P.S. If you don't have a dog for a pet, maybe one of your neighbors or your grandma or grandpa has one you can play with for a bit.
Wednesday, July 8, 2015
Up the Creek
by Nicholas Oldland
(Kids Can Press, 2013)
Up the Creek is a humorous tale of three wildlife friends - a bear, a beaver, and a moose.
One day, the three friends, who often disagreed with one another, decided to go for a canoe ride. That was when the arguing, adventures, disasters, and hilarity began.
Young readers will have fun and laugh as they enjoy Up the Creek. Anyone who has siblings or friends will recognize the squabbling and cooperation that takes place throughout Up the Creek. This book would be good to help children learn how to get along with others.
Go on a Canoe Ride
Summer is the perfect time for exploring a stream, river, or pond in a canoe. Many parks and recreation areas rent canoes. Maybe a neighbor, friend, or family member has one you can borrow.
~ Borrow or rent a canoe.
~ Make sure you have enough life jackets for all canoe riders.
~ Ask about safety instructions.
~ Wear plenty of sunscreen and bug spray. A hat and sunglasses would also be good.
~ Practice making the canoe move in calm or shallow water. Once your group has the hang of it, get on out there and start exploring.
~ Take pictures or click 'mental' photos with your mind to remember the experience.
Did you experience any of the situations that bear, beaver, and moose ran into on their canoe ride? What was the hardest part? The easiest part? What was your favorite thing about going on a canoe ride?
Tuesday, July 7, 2015
A Single Pebble, A Story of the Silk Road
by Bonnie Christensen
(A Neal Porter Book, Roaring Book Press; 2013)
A Single Pebble, A Story of the Silk Road is the delightful tale of a young girl who sends a small pebble with her father when he goes to trade their silk at the market. Mei desired that the pebble travel to the end of the trade road, but father did not go that far.
With childlike trust, Mei knew her father would find a way to send the pebble on its way to a child at the other end of the road.
And just like that, the jade-colored pebble was on its way, passed from hand to hand to the journey's end. Finally, the single pebble arrived at the end of the line when a pirate delivered the pebble to his son.
Readers will learn about the history of the Silk Road during the 9th century. Colorful illustrations and interesting characters will inform and engage readers of all ages. But don't imagine that this picture book reads like a history book. The story found in A Single Pebble, A Story of the Silk Road is captivating.
Mei sent her treasure, a beautiful pebble, to travel with others in a journey that she could not yet make. Mei wanted to give her pebble to a child at the end of the road.
What treasures do you have? Do you collect something (rocks, cars, dolls, stickers, or other things)?
Assignment: Go find beautiful pebbles.
1. Beaches are a wonderful place to find pretty rocks. River beds and streams are another great place to search for treasure.
2. Choose your favorite pebble. Do you have company or relatives visiting this summer?

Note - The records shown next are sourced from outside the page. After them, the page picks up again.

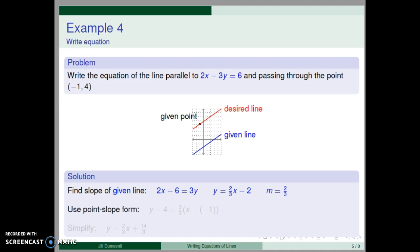Using the point-slope form of the line, we write y minus 4 equals two-thirds times the quantity x minus a negative one. Simplifying to slope-intercept form, we get y equal two-thirds x plus fourteen-thirds.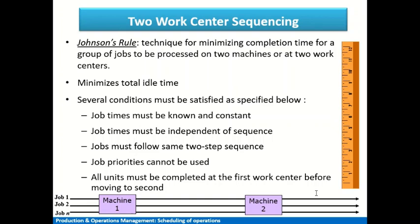The main objective is to minimize the idle time for the two machines. There are certain conditions that need to be satisfied in order to apply Johnson's Rule. First, for each job, the processing times and arrival times must be known and constant. Second, the job times must be independent of the sequence — the processing time of one job should not depend on another. All jobs should follow the same two-machine sequence: each job is first processed on machine one, then on machine two.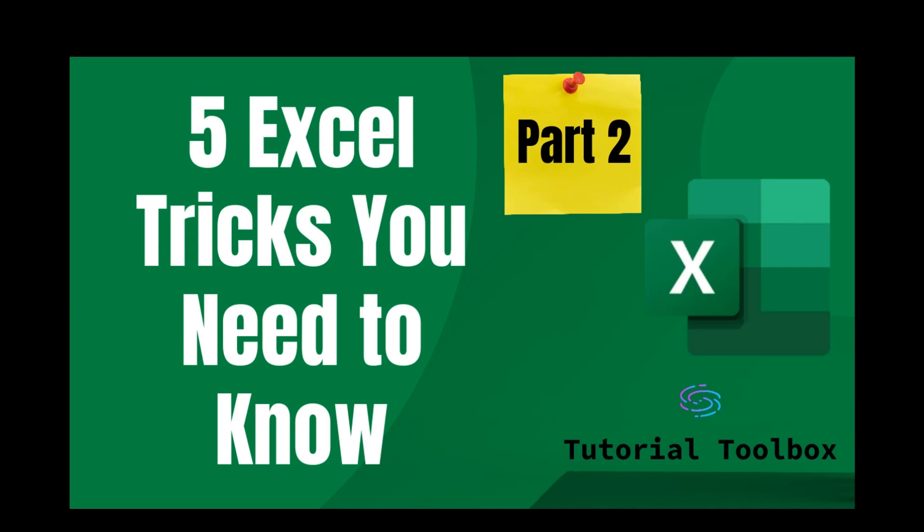Hi everyone, welcome to our part 2 of this new series, 5 Excel Tricks You Need to Know.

Give one of them the pebble and ask that the traveler give the pebble to a child at the end of the road.
3. Keep collecting pebble treasures. When you get the opportunity, send one of your treasures on a journey to the end of a new road.
Monday, July 6, 2015
By Lizi Boyd
(Chronicle Books, 2013)
Clever cut-out windows play a part of two different story book pages in Inside Outside.
Inside Outside is a wordless picture book about things that happen inside and outside. Designed on brown craft look-alike paper, ink drawings and focused infusions of color draw attention to the inside and outside activities of the main character. I love this picture book and its simplicity and story about an industrious and creative child.

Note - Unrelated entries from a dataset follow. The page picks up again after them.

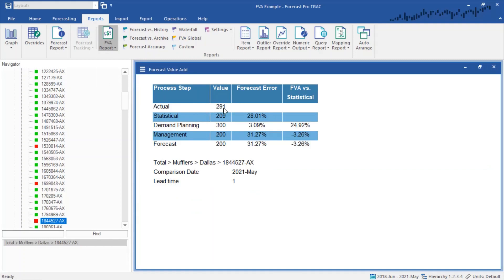Here what we can see in the report is what actually happened here in May. We sold 291 units. The statistical forecast was for 209 units, so we had a forecast error of about 28%. Demand planning raised the forecast from 209 to 300 units.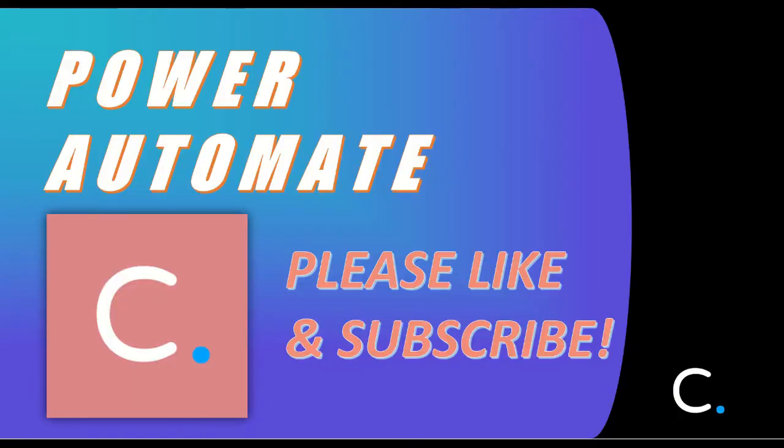Thank you for watching this video. Please like and subscribe for more Power Automate tutorials.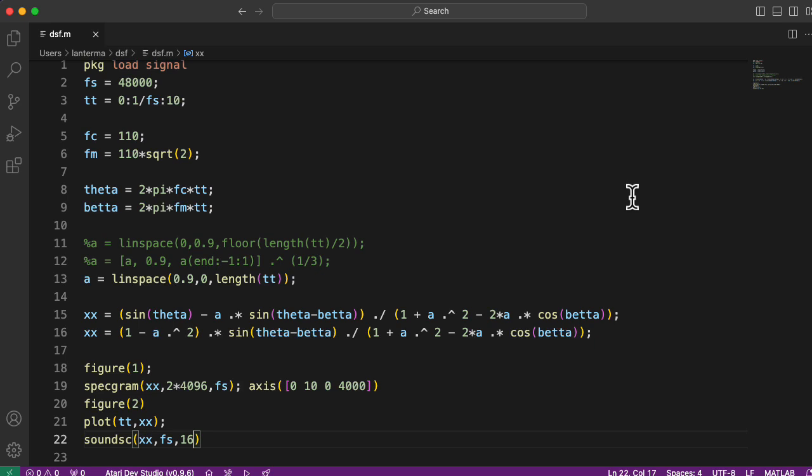Octave does not want you to set it to higher than 16 bits, I guess. Oh my goodness. That was so deeply and profoundly weird. Oh, and it crashed Octave.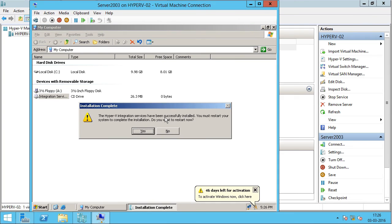You can see that the integration services have been successfully installed. I'm going to click Yes to restart.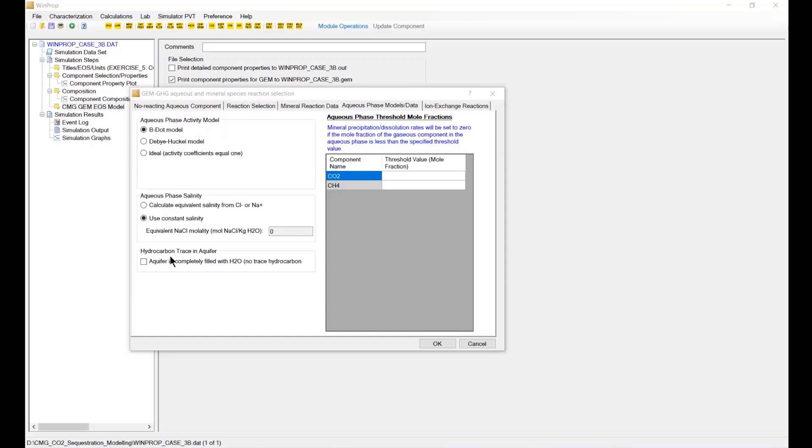And the next step, I need to define the aqueous phase reaction mode for the model. Actually, this step will be necessary for you to consider the aqueous phase reaction inside the model. And the important thing to do is the ions that come from the saline component. Consider this component is normally the NaCl.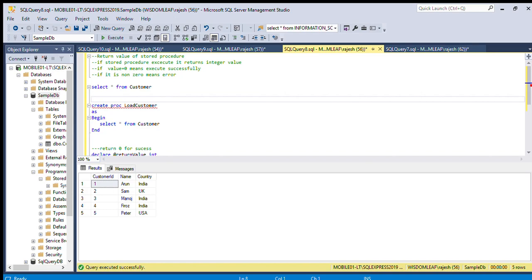Hello friends, welcome to Skill Career Writing. Today we can check the return value of a stored procedure. If the stored procedure executes, it will return an integer type value. If the value is zero, that means the procedure executed successfully. If it is non-zero, it may be an error. We can also return a custom integer type value.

Inside Outside is full of ideas of things to do. I don't think that is the main purpose, but readers will be inspired about activities that could entertain and inspire children. The four different seasons are a part of the illustrations and activities in Inside Outside.
Young readers will love looking through the windows and cut-outs to discover how the pictures connect to both sides. Non-readers and readers alike will be engaged in this fun book.
What Is Outside and Inside Your Window?
Look out your window. What do you see? Does it change when you move?
Go outside. Look in your window. What do you see now? Do you need help to see inside the window?
Choose which way you prefer to look out (or in) the window. Draw a large rectangle on paper to make a window. Draw things inside the rectangle that you see through your window.
Use a different piece of paper to cut out a window. Hold it up and look through the paper window. What do you see?
Hold your thumbs to the opposite index fingers (the finger you use to point) to make a window. Walk around and look through the window made by your fingers. How does the view change when you are inside? Outside?
Where do you like to spend most of your time - inside or outside? Why?
Friday, July 3, 2015
By Greg Ruth
(A Feiwel and Friends Book, Macmillan, 2014)
Coming Home is a beautiful book. Period.
Eighteen words and gorgeous full-page illustrations tell the story about a boy waiting for his parent to return from overseas military service. The pictures fill in many details about military family life. Both poignant and delightful, I would recommend Coming Home to any family with serving military members. Any parent who wants to teach their child about sacrifice and freedom should also read Coming Home. Teachers and workers with children will want to read Coming Home to their groups of children, especially if one of their students has a family member away from home due to military service.
On behalf of all of those military members who have served our country, I say, "THANK YOU!"
And for the family members left behind, the ones who had to wait, worry, and pray, I say, "THANK YOU!"
Thank A Military Member
Find someone who served (or is serving) in the military - Army, Navy, Air Force, Marines, National Guard, or any other military service.
Draw a picture and write a note to that person. Make sure to tell them thank you for serving our country.
With your parent, mail or deliver the picture and note.
If you deliver your note in person, be sure to:
- say "Thank you"
- shake hands
- make eye contact
Serving in the military is the choice of thousands of men and women. Remember to pray for our military service men and women and their families who miss them when they are away on duty.
Thursday, July 2, 2015
The First Independence Day Celebration
By Kathy Allen
Illustrated by Tom Sperling
(Picture Window Books, 2010)
Happy Birthday, America!
If you are looking for a book that simply and easily relates the history of July 4th, Independence Day for the United States of America, The First Independence Day Celebration is a great one to read.
Simple yet complete text and full page illustrations make this book good for young listeners and older readers. Children will see the look of historical settings and learn about why our country celebrates July 4th. There is, after all, a great reason for all of the red, white, and blue activities. Parades, fireworks, and family traditions of celebrations on this day in July not only mark summer vacation, but are the perfect opportunity to sneak in a little history.
Add meaning to the birthday of our nation by reading The First Independence Day Celebration.
Fourth of July Traditions
1. What does your family do every 4th of July? Make a list of the traditions you enjoy. BBQ? Fireworks? Parades? Picnic? Go to the beach?
2. Do you wear special clothes for the 4th of July? Do you have red, white, and blue clothes or something with a flag?
3. How many flags do you see flying on Independence Day? Does your family display one at your home? Do you wave a flag while watching a parade?
4. Take some photos of what you do on America's birthday. Dig out old photos from previous years. What has changed? Are there any new traditions you enjoy? What would you like to add next year?
Have fun and stay cool while you and your family celebrate our country!
And don't forget to sing "Happy Birthday" to America!